There are only a handful of movies whose very titles became synonymous with “critical and commercial disaster;” Heaven’s Gate would qualify as one, Howard the Duck would be another, and in 1987, the cinematic belly-flop known as Ishtar staked its claim as one of the worst films ever made. Is Ishtar really that bad? Well…
Even before Ishtar was released, the press surrounding its production troubles was already being heard around the world. No one could figure out why director Elaine May was taking so long to put together what amounted to a pretty flimsy comedy, or why there were so many reshoots, or why the budget ballooned past $50 million. None of that would’ve mattered had the final product been an enjoyable success; after all, 1982’s Tootsie also suffered from negative advanced buzz, but the film turned into a comedic masterpiece and all was forgiven. Ishtar was nowhere near a masterpiece. The reviews were savage and audiences avoided it like the plague. It was a bomb that exploded so cataclysmically that May was never allowed back anywhere near the director’s chair. Is Ishtar funny? Nope. Is it inventive? Nope. Is it at least pretty to look at? Nope. After viewing the film in its entirety, it’s hard to see where all of the money went, because it’s not on the screen.
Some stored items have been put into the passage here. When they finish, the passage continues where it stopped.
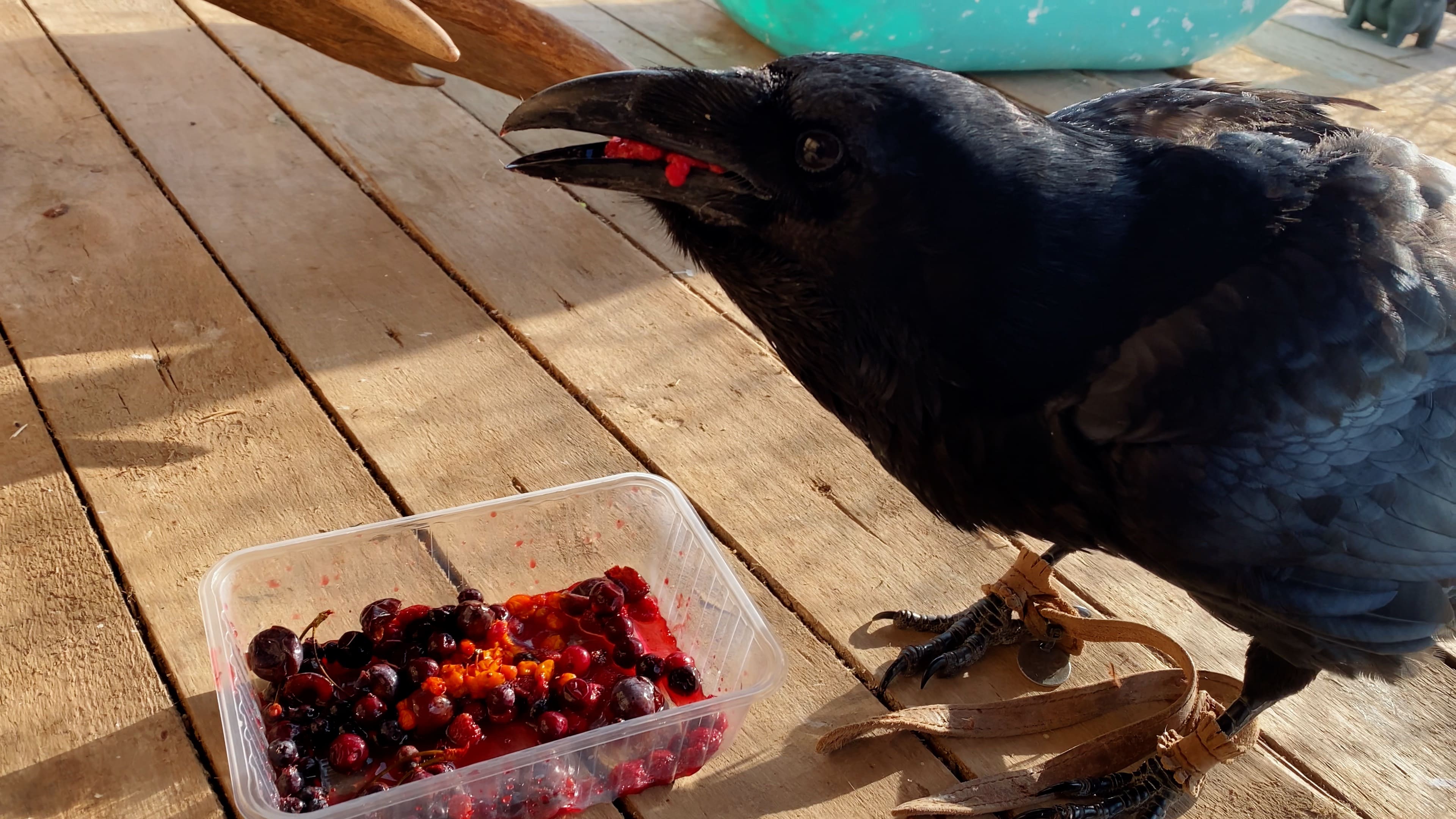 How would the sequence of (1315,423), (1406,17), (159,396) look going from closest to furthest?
(1315,423) < (159,396) < (1406,17)

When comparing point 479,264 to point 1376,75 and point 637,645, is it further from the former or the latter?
point 1376,75

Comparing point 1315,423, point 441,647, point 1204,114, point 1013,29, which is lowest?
point 441,647

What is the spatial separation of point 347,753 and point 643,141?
2.48ft

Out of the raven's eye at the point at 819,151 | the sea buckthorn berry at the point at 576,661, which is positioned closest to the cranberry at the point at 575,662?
the sea buckthorn berry at the point at 576,661

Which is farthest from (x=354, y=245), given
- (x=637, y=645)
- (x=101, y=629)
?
(x=637, y=645)

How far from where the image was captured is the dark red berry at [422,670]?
1364 millimetres

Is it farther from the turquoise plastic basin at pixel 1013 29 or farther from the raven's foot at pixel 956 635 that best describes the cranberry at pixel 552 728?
the turquoise plastic basin at pixel 1013 29

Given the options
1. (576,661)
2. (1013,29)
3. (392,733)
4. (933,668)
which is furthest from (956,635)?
(1013,29)

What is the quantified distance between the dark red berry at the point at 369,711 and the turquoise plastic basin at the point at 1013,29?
7.56 ft

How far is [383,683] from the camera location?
4.41 feet

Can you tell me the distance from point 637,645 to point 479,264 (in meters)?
1.08

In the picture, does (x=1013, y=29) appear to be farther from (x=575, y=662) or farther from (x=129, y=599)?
(x=129, y=599)

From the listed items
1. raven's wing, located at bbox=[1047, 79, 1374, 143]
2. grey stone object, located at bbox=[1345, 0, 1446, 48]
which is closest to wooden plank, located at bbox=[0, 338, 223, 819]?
raven's wing, located at bbox=[1047, 79, 1374, 143]

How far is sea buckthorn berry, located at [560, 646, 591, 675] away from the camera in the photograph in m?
1.43
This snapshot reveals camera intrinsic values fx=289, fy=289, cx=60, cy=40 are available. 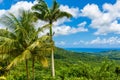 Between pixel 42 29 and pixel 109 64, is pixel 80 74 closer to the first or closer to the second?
pixel 109 64

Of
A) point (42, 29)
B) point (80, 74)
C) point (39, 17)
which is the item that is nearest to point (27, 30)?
point (42, 29)

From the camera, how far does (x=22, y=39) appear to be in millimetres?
32469

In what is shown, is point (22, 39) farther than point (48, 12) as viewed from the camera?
No

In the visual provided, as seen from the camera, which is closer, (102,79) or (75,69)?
(102,79)

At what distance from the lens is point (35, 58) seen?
33.4 m

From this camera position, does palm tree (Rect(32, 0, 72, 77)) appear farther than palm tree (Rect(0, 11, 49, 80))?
Yes

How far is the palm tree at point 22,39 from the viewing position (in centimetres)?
3178

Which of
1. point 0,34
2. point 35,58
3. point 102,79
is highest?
point 0,34

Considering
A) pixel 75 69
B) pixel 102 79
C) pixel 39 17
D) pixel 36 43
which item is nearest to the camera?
pixel 36 43

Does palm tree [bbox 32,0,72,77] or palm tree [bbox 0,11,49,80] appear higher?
palm tree [bbox 32,0,72,77]

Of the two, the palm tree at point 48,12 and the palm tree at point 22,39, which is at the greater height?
the palm tree at point 48,12

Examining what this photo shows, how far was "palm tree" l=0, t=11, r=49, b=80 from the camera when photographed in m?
31.8

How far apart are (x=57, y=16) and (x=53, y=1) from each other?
2.73 meters

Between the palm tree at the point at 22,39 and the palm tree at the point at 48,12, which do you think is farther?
the palm tree at the point at 48,12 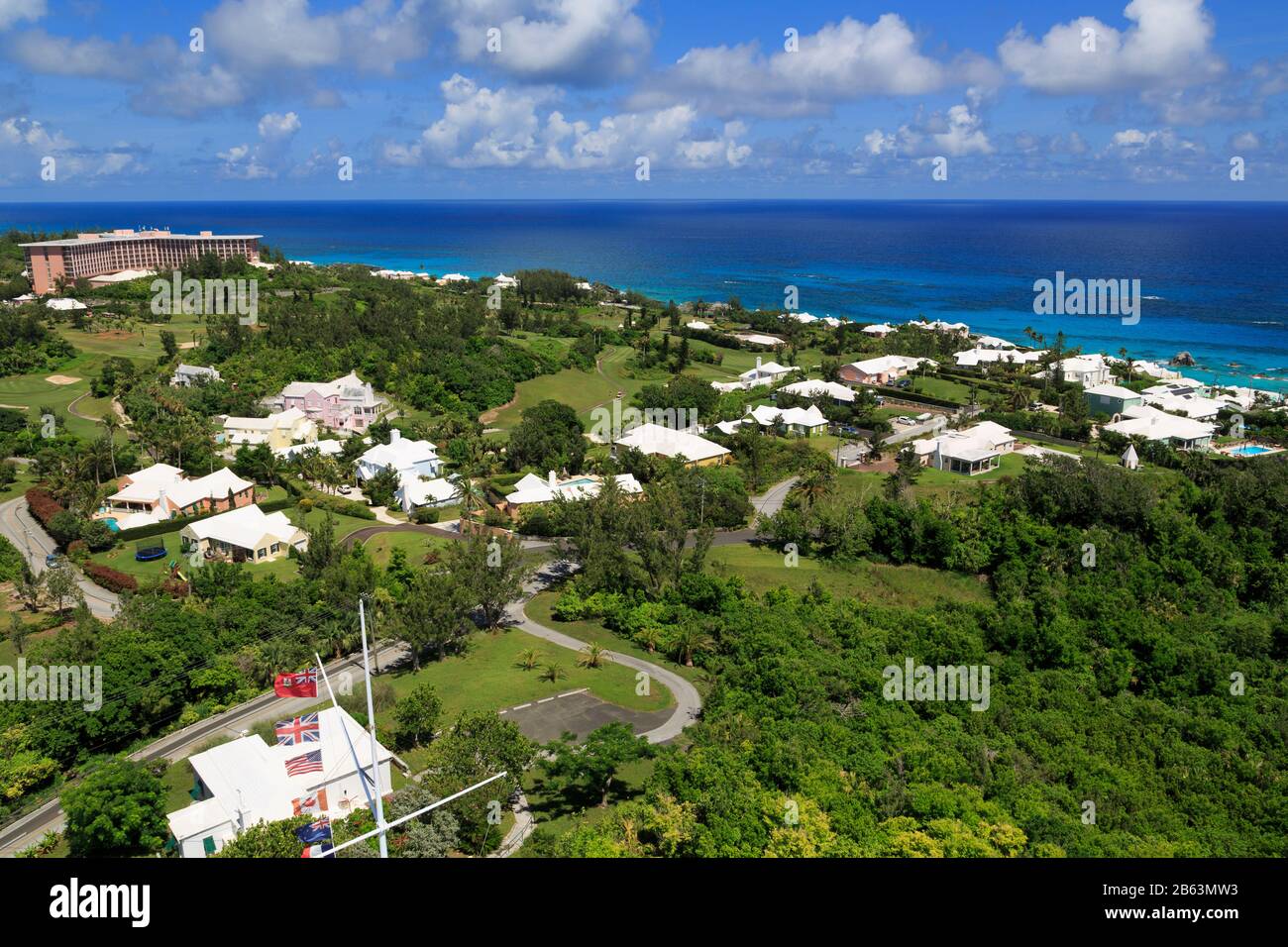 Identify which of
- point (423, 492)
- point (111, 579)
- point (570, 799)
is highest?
point (423, 492)

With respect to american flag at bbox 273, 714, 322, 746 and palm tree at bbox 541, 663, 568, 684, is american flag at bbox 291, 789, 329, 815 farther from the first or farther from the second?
palm tree at bbox 541, 663, 568, 684

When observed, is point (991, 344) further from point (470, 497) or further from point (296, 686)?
point (296, 686)

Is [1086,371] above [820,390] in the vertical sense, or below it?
above

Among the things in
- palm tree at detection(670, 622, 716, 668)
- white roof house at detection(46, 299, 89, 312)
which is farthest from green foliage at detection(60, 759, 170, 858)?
white roof house at detection(46, 299, 89, 312)

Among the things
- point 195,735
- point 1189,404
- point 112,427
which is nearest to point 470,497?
point 195,735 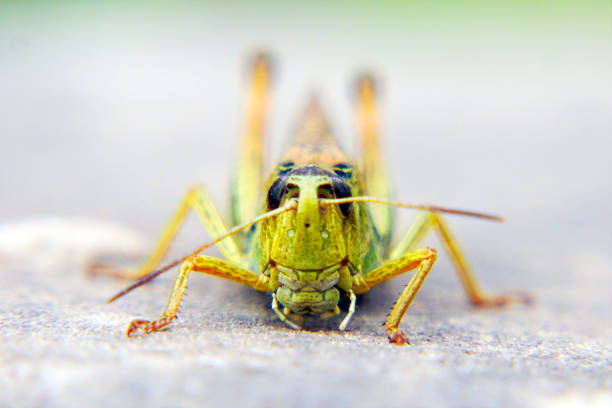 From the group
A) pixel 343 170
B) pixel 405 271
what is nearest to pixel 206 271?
pixel 343 170

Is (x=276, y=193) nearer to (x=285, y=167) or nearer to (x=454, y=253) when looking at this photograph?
(x=285, y=167)

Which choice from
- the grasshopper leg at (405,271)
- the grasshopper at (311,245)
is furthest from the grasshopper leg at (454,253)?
the grasshopper leg at (405,271)

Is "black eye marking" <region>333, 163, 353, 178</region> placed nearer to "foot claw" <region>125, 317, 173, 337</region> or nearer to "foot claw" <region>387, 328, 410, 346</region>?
"foot claw" <region>387, 328, 410, 346</region>

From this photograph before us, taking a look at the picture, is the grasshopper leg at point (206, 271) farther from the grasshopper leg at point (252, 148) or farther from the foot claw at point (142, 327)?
the grasshopper leg at point (252, 148)

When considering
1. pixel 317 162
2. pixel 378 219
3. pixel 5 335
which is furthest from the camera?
pixel 378 219

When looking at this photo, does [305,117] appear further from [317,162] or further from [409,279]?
[409,279]

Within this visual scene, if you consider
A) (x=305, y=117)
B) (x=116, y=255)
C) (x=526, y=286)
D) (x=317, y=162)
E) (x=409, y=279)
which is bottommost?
(x=526, y=286)

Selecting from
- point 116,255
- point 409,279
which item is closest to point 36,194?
point 116,255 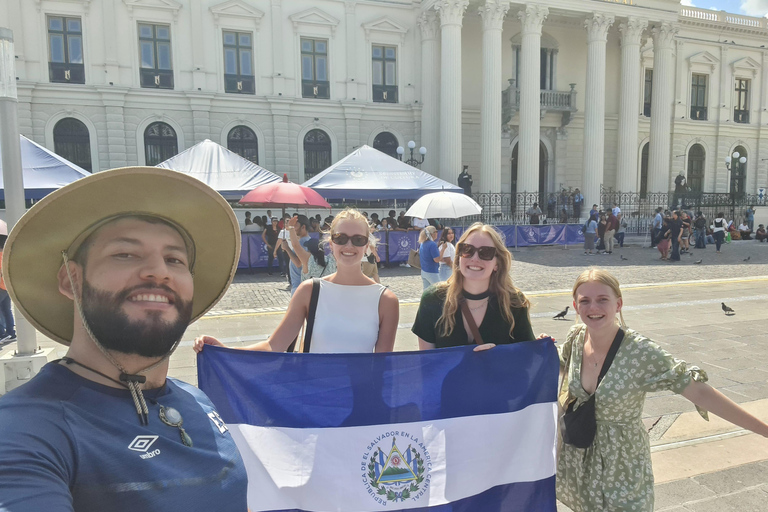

Ishtar stars Dustin Hoffman and Warren Beatty was two unbelievably, untalented singer/songwriters, and the movie’s only real comedic inspiration comes from the moments when these two superstars write and/or sing. This is amusing for maybe the first minute or two of the film’s running time, but it gets old real fast, and those scenes keep going on and on and on and on (although the song “I Left You Some Love in My Will” made me smile). We get it. They suck. Now what? Well, the twosome manages to land a gig in Morocco, but they get caught up in some boring political intrigue in the fictional border nation of Ishtar. They may or may not be the two messengers of prophecy and there’s this missing map that resistance fighter Isabelle Adjani wants. Charles Grodin is also on hand as an American government agent who also becomes involved. I wish I could say more about this plot but the script is so vapid that all of this becomes both hard to follow and completely unimportant, usually both at the same time.
The story of Ishtar can be summed up as thus: bad singing, bad singing, bad singing, bad singing, arrival to Ishtar, missing map, undercover agents, bad singing, buying a blind camel, wander the desert, wander the desert, wander the desert, pretend to be Arabic, bad singing, wander the desert, helicopters, stolen guns, bad singing, The End. And, no, I didn’t leave much out. Try as they might, neither Hoffman nor Beatty can save this material, although Hoffman, at times, seems to have a clearer idea about his character than Beatty does, but that’s not saying a whole lot.
So, is Ishtar one of the worst movies of 1987? Definitely. Is it one of the worst movies ever made? Hardly. Ishtar’s main sin lies in the complete wasting of money and resources on something that should’ve cost less than half of its gargantuan budget. And for that, it should never be forgiven.